## What is needed
Please retype the data below exactly, stopping after the line with "Danxen Män Uzbekistan" and skipping every picture.

■ ■ ■ ■ ■

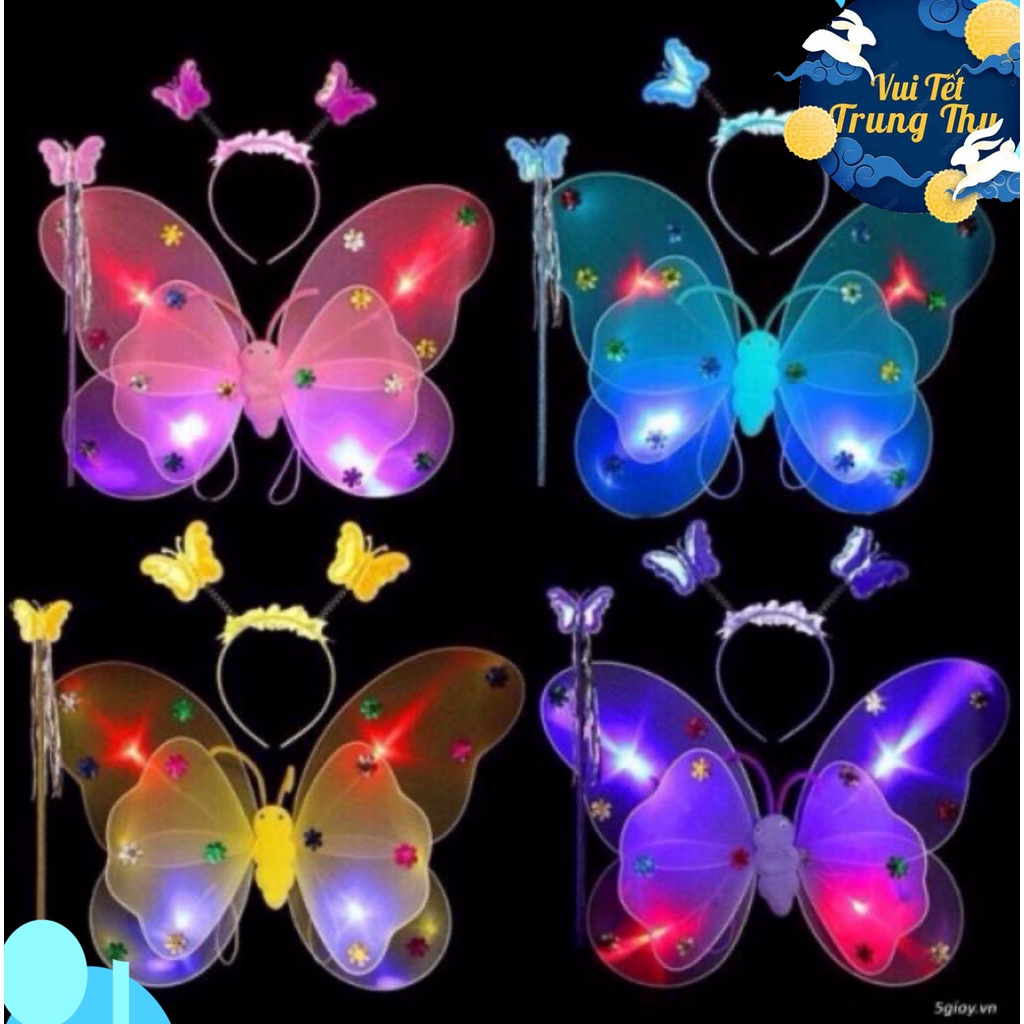 Đồ chơi cánh bướm kép CÓ ĐÈN kèm bờm gậy phép KHÔNG VÁY giá rẻ cho bé chơi Trung thu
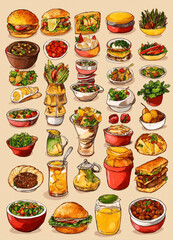 set of kinds of food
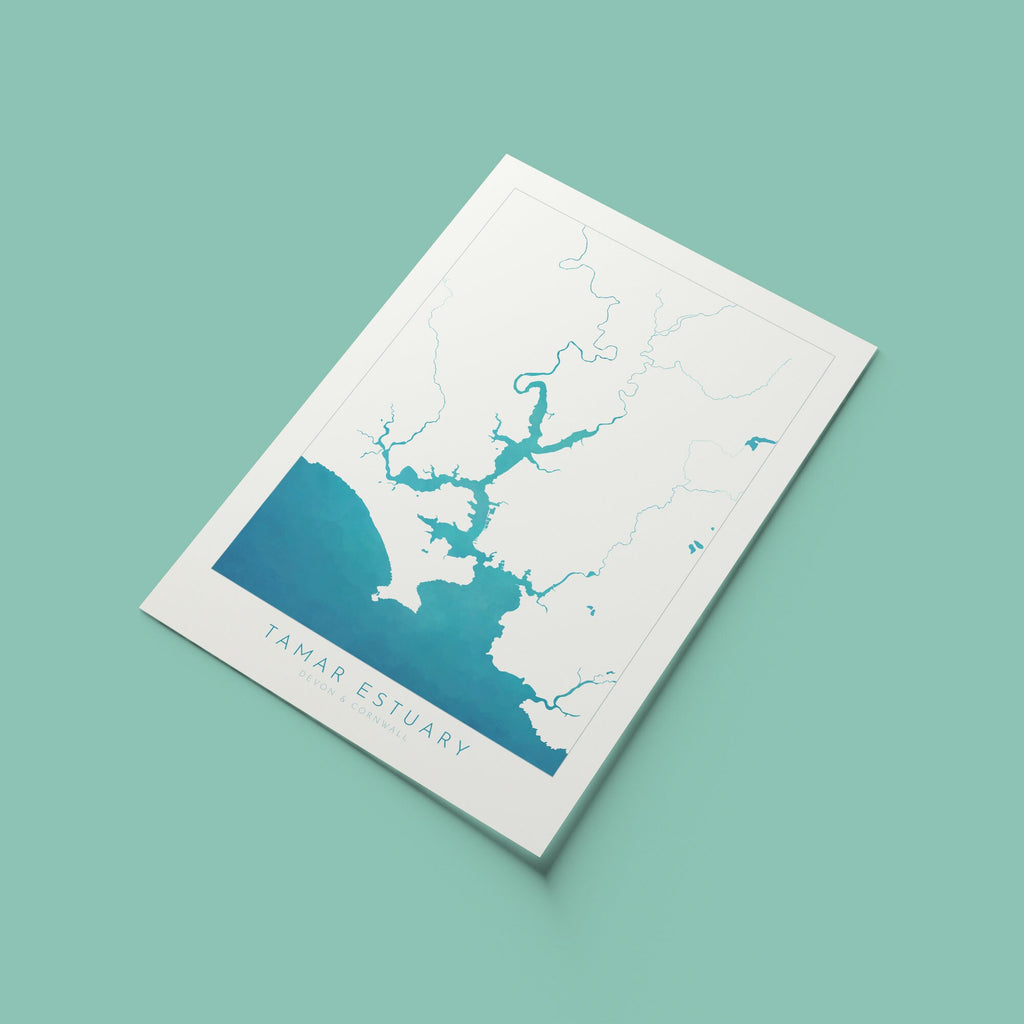 The Tamar Estuary Print, Devon Art, Plymouth Art, Map Art, Cornwall Art, River Tamar Art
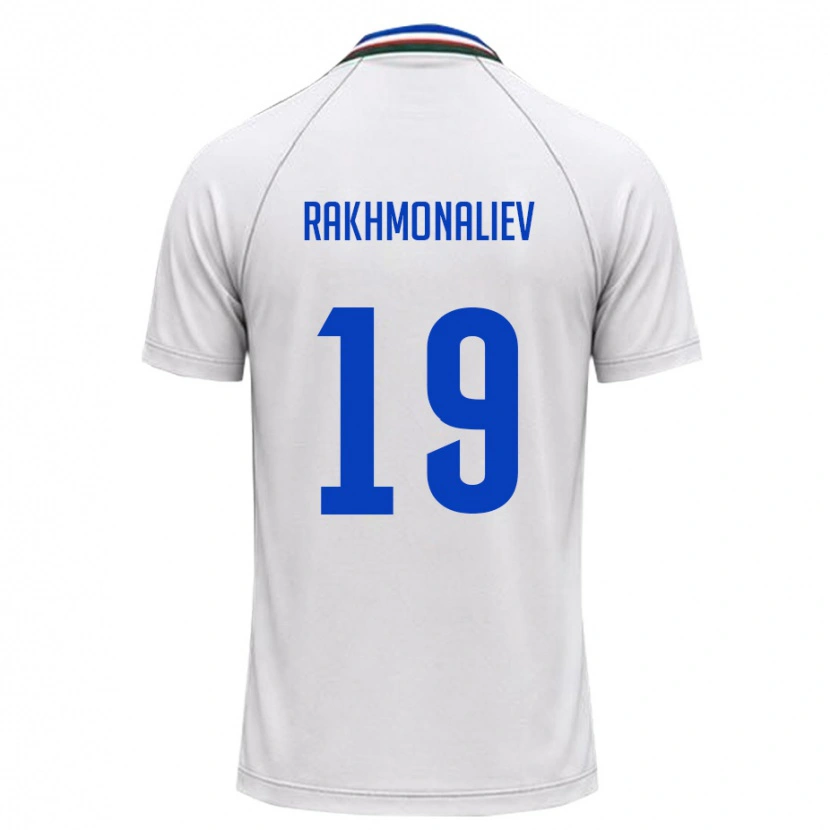 Danxen Män Uzbekistan Umarali Rakhmonaliev #19 Vit Mörk Grön Bortatröja Matchtröjor 26-28 Tröjor T-Tröja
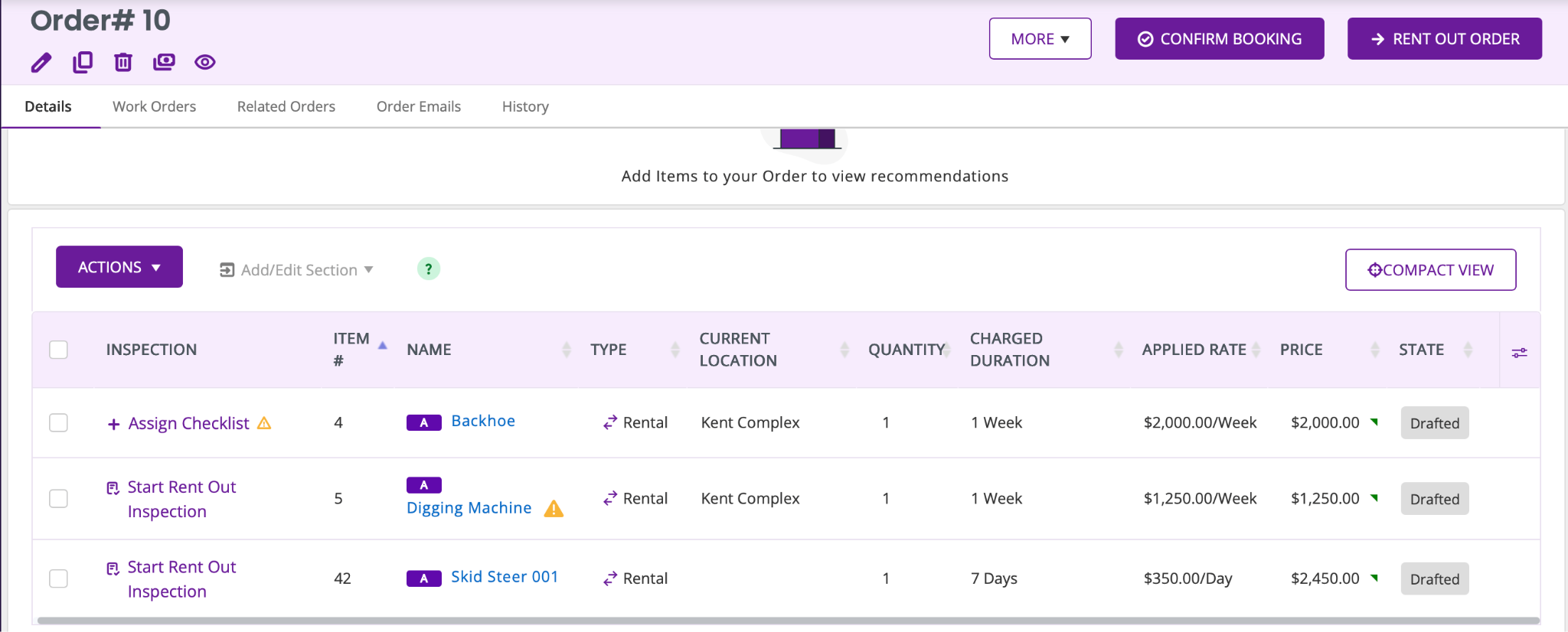 EZRentOut order showing options to assign a checklist and start a rent-out inspection.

■ ■ ■ ■ ■

## Exercise output
 Đồ chơi cánh bướm kép CÓ ĐÈN kèm bờm gậy phép KHÔNG VÁY giá rẻ cho bé chơi Trung thu
 set of kinds of food
 The Tamar Estuary Print, Devon Art, Plymouth Art, Map Art, Cornwall Art, River Tamar Art
 Danxen Män Uzbekistan Umarali Rakhmonaliev #19 Vit Mörk Grön Bortatröja Matchtröjor 26-28 Tröjor T-Tröja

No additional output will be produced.